Work task →
Using the records that appear below, write out exactly the lines from the one with "The first thing" through the one with "Let's get started", keeping both end lines.

---------- Excerpted data

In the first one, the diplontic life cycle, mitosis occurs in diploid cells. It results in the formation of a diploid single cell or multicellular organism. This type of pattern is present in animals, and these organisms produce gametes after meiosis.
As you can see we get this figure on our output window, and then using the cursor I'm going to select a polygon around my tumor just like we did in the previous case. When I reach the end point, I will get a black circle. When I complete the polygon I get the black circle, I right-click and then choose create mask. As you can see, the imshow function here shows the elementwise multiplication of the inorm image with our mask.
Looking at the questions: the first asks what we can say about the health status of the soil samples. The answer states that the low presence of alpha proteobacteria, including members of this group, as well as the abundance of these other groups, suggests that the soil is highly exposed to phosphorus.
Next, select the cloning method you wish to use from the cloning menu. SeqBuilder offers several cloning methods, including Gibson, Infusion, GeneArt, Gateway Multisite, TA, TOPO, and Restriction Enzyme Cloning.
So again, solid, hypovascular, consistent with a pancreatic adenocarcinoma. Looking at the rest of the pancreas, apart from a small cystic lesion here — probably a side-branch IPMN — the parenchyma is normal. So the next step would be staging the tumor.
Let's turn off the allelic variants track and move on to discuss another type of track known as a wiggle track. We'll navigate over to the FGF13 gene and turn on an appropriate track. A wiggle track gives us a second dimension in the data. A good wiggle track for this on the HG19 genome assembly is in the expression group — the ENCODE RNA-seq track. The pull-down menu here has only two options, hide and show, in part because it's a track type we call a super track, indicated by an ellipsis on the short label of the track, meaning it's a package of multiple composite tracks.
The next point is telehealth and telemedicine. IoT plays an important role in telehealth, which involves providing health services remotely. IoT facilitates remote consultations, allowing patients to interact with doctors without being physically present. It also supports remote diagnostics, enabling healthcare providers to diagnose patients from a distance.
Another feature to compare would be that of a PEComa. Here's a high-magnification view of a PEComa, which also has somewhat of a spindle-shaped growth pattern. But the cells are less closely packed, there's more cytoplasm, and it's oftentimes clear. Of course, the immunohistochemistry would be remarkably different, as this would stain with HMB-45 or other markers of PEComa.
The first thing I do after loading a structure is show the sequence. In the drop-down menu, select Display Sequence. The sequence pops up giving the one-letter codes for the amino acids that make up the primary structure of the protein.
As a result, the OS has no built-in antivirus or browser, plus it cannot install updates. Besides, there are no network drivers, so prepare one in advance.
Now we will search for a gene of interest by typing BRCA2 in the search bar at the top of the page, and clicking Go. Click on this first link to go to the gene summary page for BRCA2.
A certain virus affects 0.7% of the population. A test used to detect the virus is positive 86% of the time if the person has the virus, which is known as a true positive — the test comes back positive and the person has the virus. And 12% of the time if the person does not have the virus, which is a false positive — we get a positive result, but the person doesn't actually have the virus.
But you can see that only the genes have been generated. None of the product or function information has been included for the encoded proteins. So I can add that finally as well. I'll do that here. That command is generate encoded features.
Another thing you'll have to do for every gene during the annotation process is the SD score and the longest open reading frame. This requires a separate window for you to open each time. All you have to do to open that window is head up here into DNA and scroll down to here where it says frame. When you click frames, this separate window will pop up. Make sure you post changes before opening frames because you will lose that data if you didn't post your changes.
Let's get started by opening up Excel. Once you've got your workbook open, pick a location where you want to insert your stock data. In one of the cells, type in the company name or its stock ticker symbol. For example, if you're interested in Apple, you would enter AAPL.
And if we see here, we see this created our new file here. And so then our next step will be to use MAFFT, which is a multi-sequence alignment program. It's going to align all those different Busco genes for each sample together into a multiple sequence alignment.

--------------------

The completed task →
The first thing I do after loading a structure is show the sequence. In the drop-down menu, select Display Sequence. The sequence pops up giving the one-letter codes for the amino acids that make up the primary structure of the protein.
As a result, the OS has no built-in antivirus or browser, plus it cannot install updates. Besides, there are no network drivers, so prepare one in advance.
Now we will search for a gene of interest by typing BRCA2 in the search bar at the top of the page, and clicking Go. Click on this first link to go to the gene summary page for BRCA2.
A certain virus affects 0.7% of the population. A test used to detect the virus is positive 86% of the time if the person has the virus, which is known as a true positive — the test comes back positive and the person has the virus. And 12% of the time if the person does not have the virus, which is a false positive — we get a positive result, but the person doesn't actually have the virus.
But you can see that only the genes have been generated. None of the product or function information has been included for the encoded proteins. So I can add that finally as well. I'll do that here. That command is generate encoded features.
Another thing you'll have to do for every gene during the annotation process is the SD score and the longest open reading frame. This requires a separate window for you to open each time. All you have to do to open that window is head up here into DNA and scroll down to here where it says frame. When you click frames, this separate window will pop up. Make sure you post changes before opening frames because you will lose that data if you didn't post your changes.
Let's get started by opening up Excel. Once you've got your workbook open, pick a location where you want to insert your stock data. In one of the cells, type in the company name or its stock ticker symbol. For example, if you're interested in Apple, you would enter AAPL.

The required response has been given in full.